Even looking at 2014’s top sellers, this is mostly disproved. Of the top ten games of last year there were just as many graphically violent games (4) as non-violent (4), and two in between. Pokémon Omega Ruby/Alpha Sapphire and Super Smash Bros., while both fighting games of a sort, are so cartoony that they can hardly be put in a category with games like GTA V or COD: AW. Of course, if you want to get technical they are violent so could tip things that way but that’s very debatable. In the category of sexy, or games with sexualized content in the top sellers, we really only have one with GTA V, so I’d say there is clear evidence that gamers don’t just want games with nudity, scantily clad people, or sexual content. Hint: Gamers want fun over anything else, and so far fun is NOT a code word for violence from what we can tell.
What we should do, however, to really test this trope is to look at all-time numbers. Over the course of video game history, have gamers preferred games with sex and violence over others?
The quickest source to find a list of best selling games is (unfortunately) over at Wikipedia. In the top ten sellers of all time, we have one, just one game that has sex and violence. As a matter of fact Tetris, for mobile devices (not even the original Tetris) is our top seller at 100 million copies, over twice as many as GTA V. GTA comes in 4th, and is the only game in the top ten that I would consider violent. The list across all platforms includes 43 games that have sold over 15 million copies. Of those 43 only 14 of them are games depicting violence such as war, crime, murder, or just generally swinging swords at monsters. Only four of them, that I can see, have depictions of people in sexual situations, or depictions of sexualized people. The majority of the violent games on the list are games that depict war rather than what’s more commonly considered criminal violence.
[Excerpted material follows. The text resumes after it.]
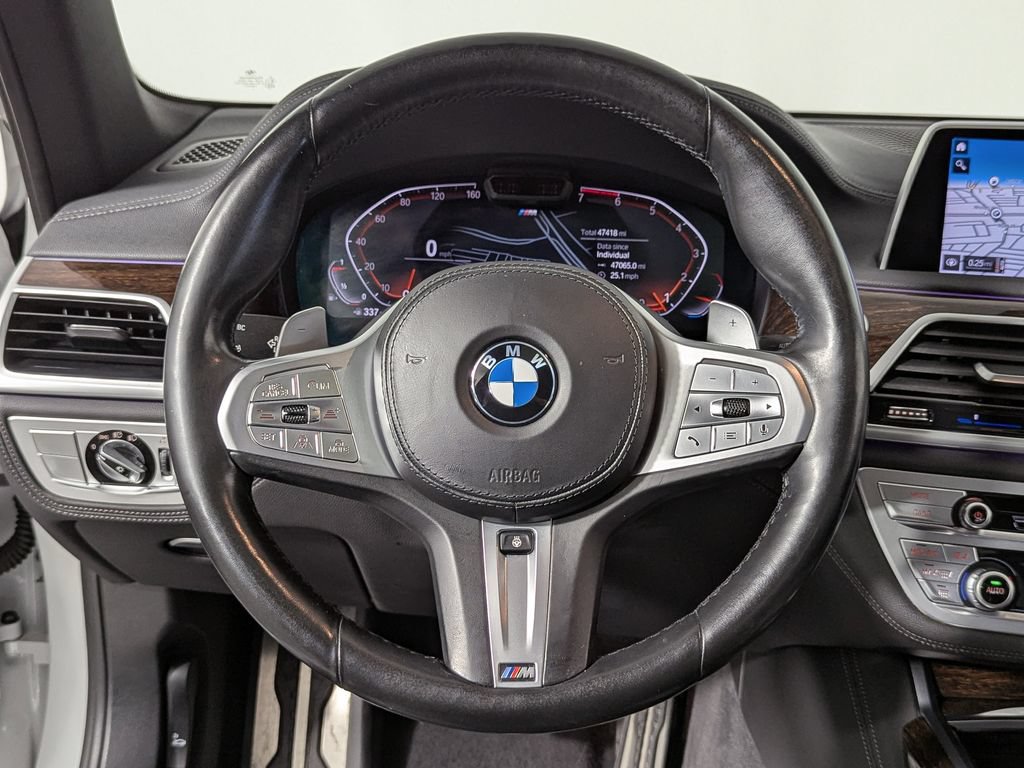 Used 2022 BMW 750i xDrive w/ M Sport Package AWD/4WD image 38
Of course there are a few other games on the list, if you have a loose definition of graphic violence, that might be considered violent. Super Mario games where you smash cartoon turtles and mushrooms or Pokémon games where you get mythical creatures to fight each other in fantastic duels are both a form of violence, but again, I can’t imagine anyone would put them in the same category with COD or GTA. Even if we did, though, it would not push the trend toward the purchase of violent games over non-violent ones. So what we seem to be dealing with here is another trope, used by critics of gamers, and the gaming industry, to try and make some connection between gamers and violent tendencies, or game makers catering to a crowd of degenerates that only consume sex and violence. I suppose someone could go further, look at all games that have ever been released, and compare numbers to see but that’s for someone with far more time than I have. As far as I’m concerned we can chalk this one to be a myth, a trope, without anything to really back it up.